__MATERIAL PROVIDED__.
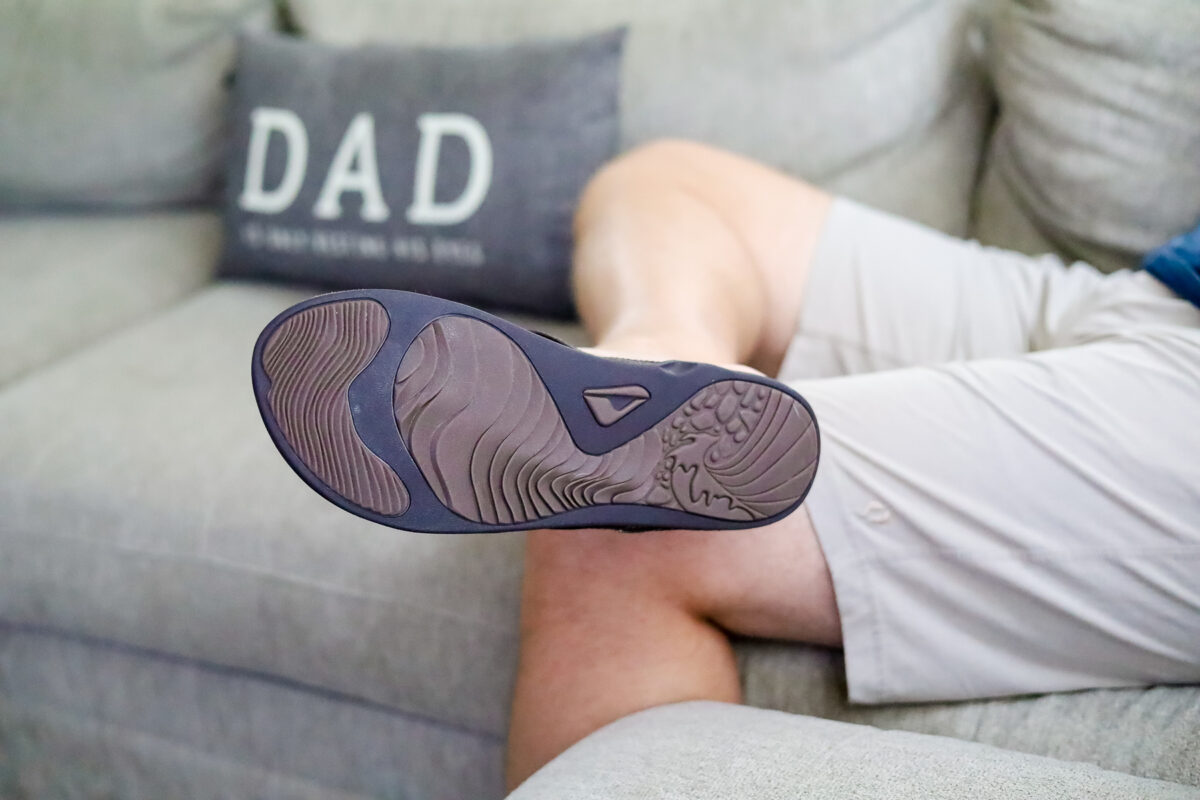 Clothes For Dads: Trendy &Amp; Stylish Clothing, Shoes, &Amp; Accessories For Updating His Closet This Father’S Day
* * *
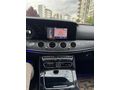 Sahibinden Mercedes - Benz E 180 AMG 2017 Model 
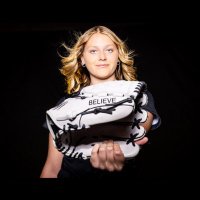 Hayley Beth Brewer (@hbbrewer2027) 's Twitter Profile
---
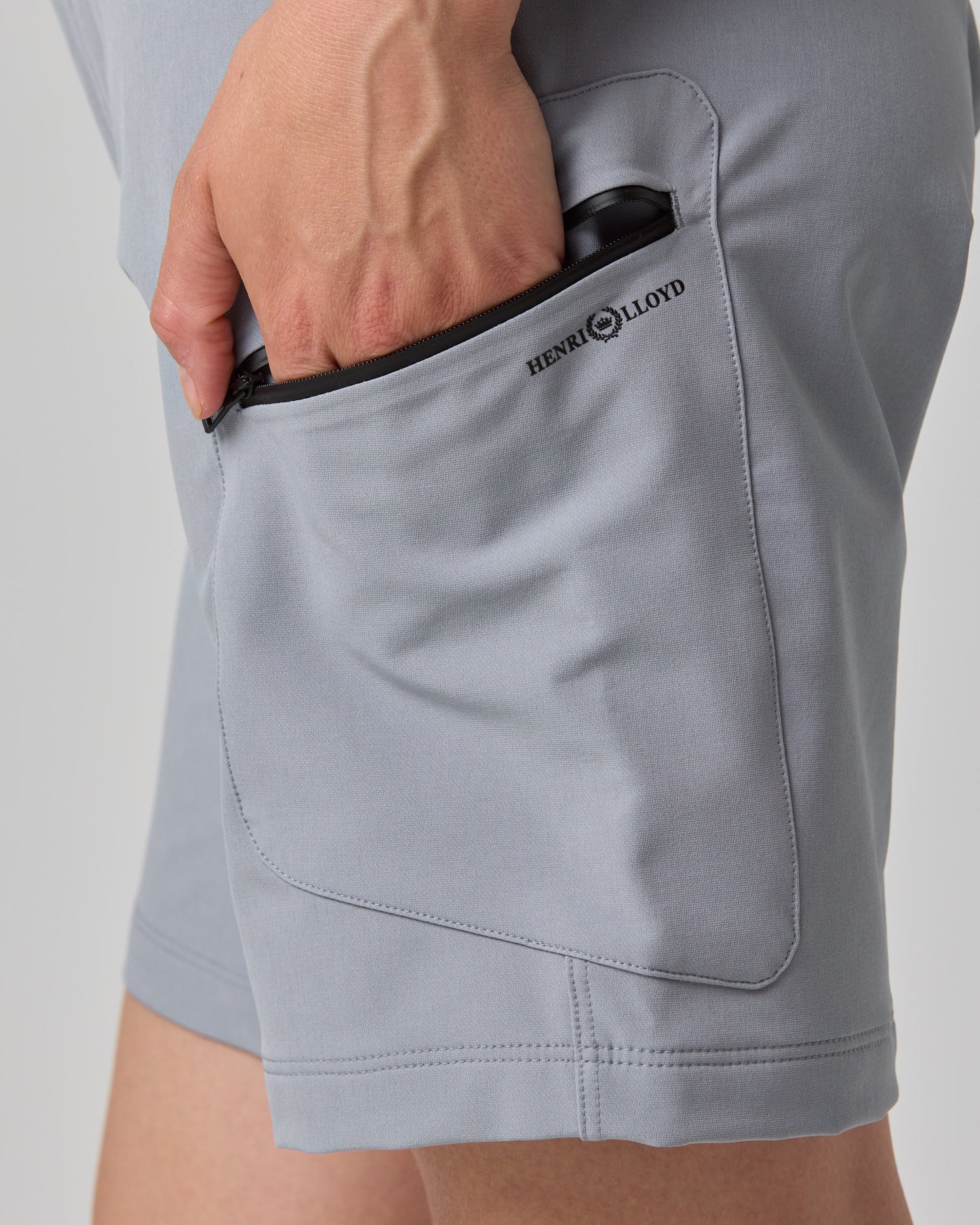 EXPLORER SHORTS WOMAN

__EXERCISE DIRECTIONS__. Reproduce exactly the lines of the data above that run from the line with "Sahibinden Mercedes - Benz" down to the line with "Hayley Beth Brewer", both ends included. Pictures do not belong in the copy.

__SOLUTION FOR THIS EXERCISE__.
 Sahibinden Mercedes - Benz E 180 AMG 2017 Model 
 Hayley Beth Brewer (@hbbrewer2027) 's Twitter Profile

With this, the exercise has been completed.